As the multitude of Haitian migrants along the border grew, and as the gathering in Del Rio became more publicized, CBP announced that they would begin deporting the Haitian migrants back to their countries of origin. Not wishing to be returned to Haiti, many migrants have fled the illegal camp in Del Rio back to Mexico.
This has caused Mexican President Andres Manuel Lopez Obrador to write to U.S. President Joe Biden requesting that U.S. authorities “ramp up” efforts on immigration. Piedras Negras, Mexico, Mayor Claudio Bres, through a news conference and in remarks made to Mexican news outlet Zolcalo also detailed efforts that the Mexican government was having to undertake due to the increase in migrants. Mexican authorities decided that foreign buses carrying migrants would be denied further northward travel if heading toward Piedras Negras or Acuna, another town in Mexico where migrants have been gathering. In a move mirroring the deportation efforts by U.S. officials, Mexico was also slated to begin flying migrants from their country.
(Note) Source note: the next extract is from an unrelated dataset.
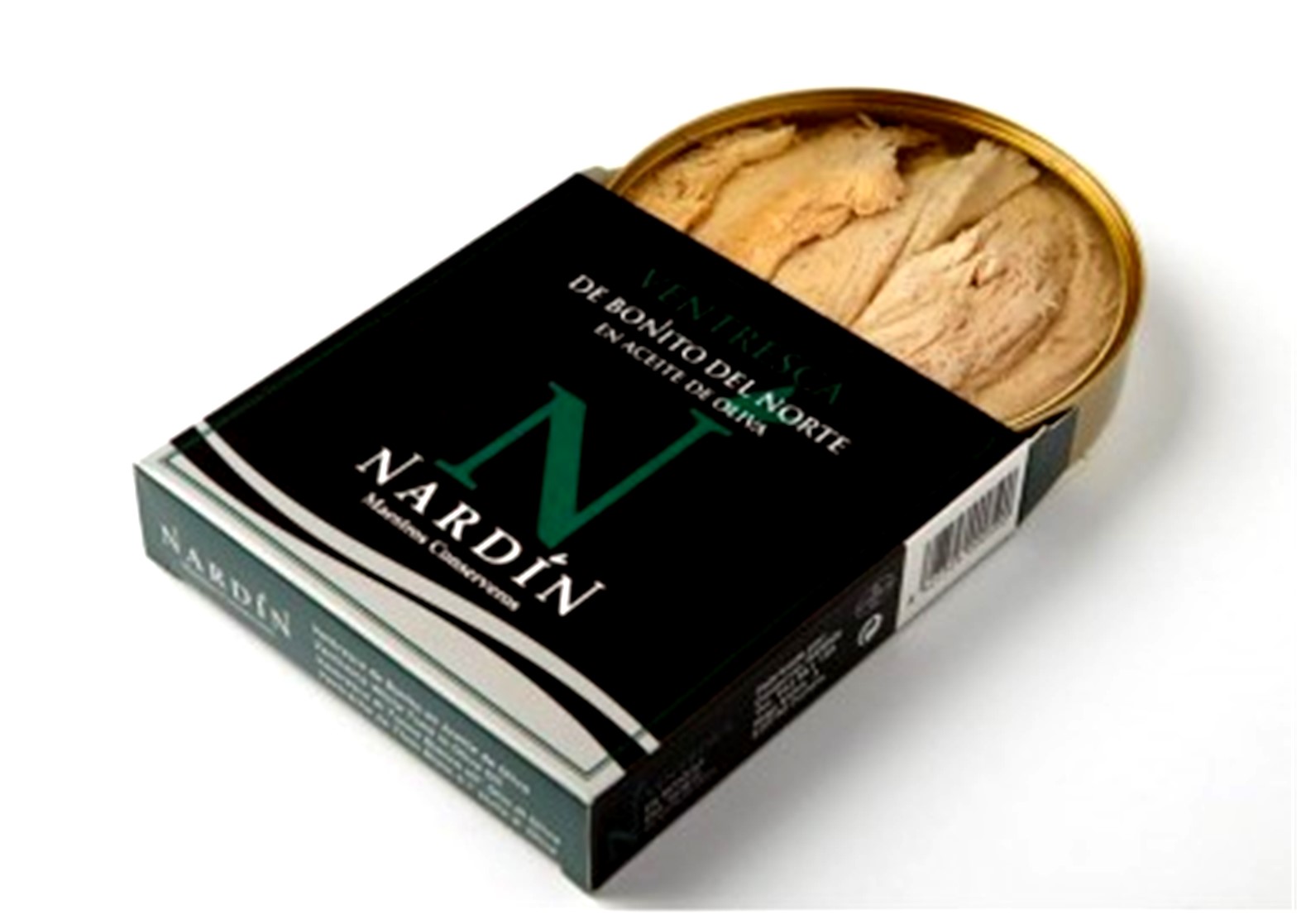 Ventrèche de thon Bonito à l'huile d'olive - Nardin - Le Comptoir du Portugal l'épicerie fine portugaise depuis 2012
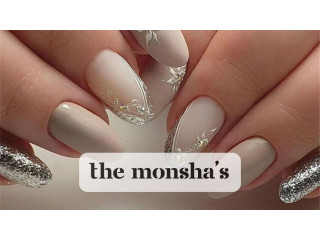 "The Monsha's Premier Nail Art & Extension Services"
While the migration of Haitians toward the U.S. border is not the only source of those seeking entry into the United States even through illegal means, it is a display of how migration to the U.S. affects the other countries of the Americas – South, Central, and North. The fact of the Biden Administration’s lax enforcement efforts, verging on the condonation and even complicity of such actions, seem to encourage continued and increased migration through these countries.
Officials in these countries, particularly the presidents of Mexico and Panama – the northern- and southern-most extents of Central America – have publicly placed blame on Pres. Biden and his Administration for the crisis seen throughout the Americas.